L,
I discovered earlier this week (after embarking on a crusade to squash
nonexistent bugs) that sbatch will ignore any flag that comes after the
filename of the script to be submitted.
For example, I re-purposed a lua script that just spits out the time limit
of the job and exits with an error:
> /etc/slurm/job_submit.lua:
> function slurm_job_submit(job_desc, part_list, submit_uid)

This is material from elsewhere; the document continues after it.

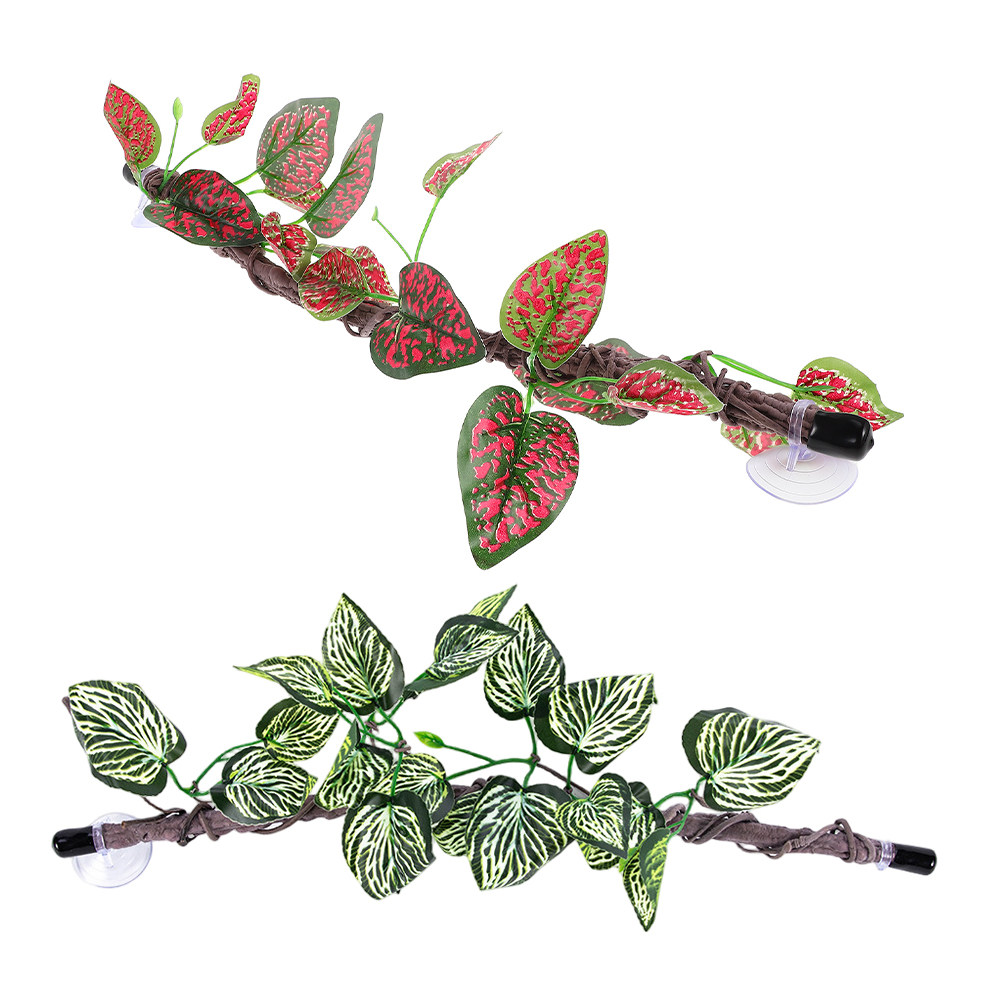 2 Stück Flexible Künstliche Hä – Spider Plant Hanging Bewertung und Preis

> slurm.log_user("time_limit: %s", job_desc.time_limit)
> return slurm.ERROR
> end
function slurm_job_modify(job_desc, part_list, submit_uid)
> end
>
Here's what I get when I run it in various ways (positional argument job.sh
bolded):
# sbatch *job.sh*
sbatch: error: time_limit: 4294967294
sbatch: error: Batch job submission failed: Unspecified error
# sbatch --time=0-07:00:00 *job.sh*
sbatch: error: time_limit: 420
sbatch: error: Batch job submission failed: Unspecified error
# sbatch *job.sh* --time=0-07:00:00
sbatch: error: time_limit: 4294967294
sbatch: error: Batch job submission failed: Unspecified error
4294967294 = 2^32 - 2 is the default time limit, which means that on my
third run of this script, the time argument is completely ignored! This is
bad, especially for people who are used to the command line where almost
every program uses an argument parsing library like getopt that works in a
manner that's predictable, both for the programmer and for the user.
Nathan
On 29 June 2017 at 21:32, Lachlan Musicman <[email protected]> wrote:
> We have a 40min default time on our main partition.
>
> We are finding that researchers that use
>
> #SBATCH --time=0-07:00:00
>
> are still having their jobs terminated at 40 minutes.
>
> Using slurm 17.2.04 on Centos 7.3
>
>
> Has anyone else experienced this?
>
>
> Cheers
> L.
> ------
> "Mission Statement: To provide hope and inspiration for collective action,
> to build collective power, to achieve collective transformation, rooted in
> grief and rage but pointed towards vision and dreams."
>
> - Patrisse Cullors, *Black Lives Matter founder*
>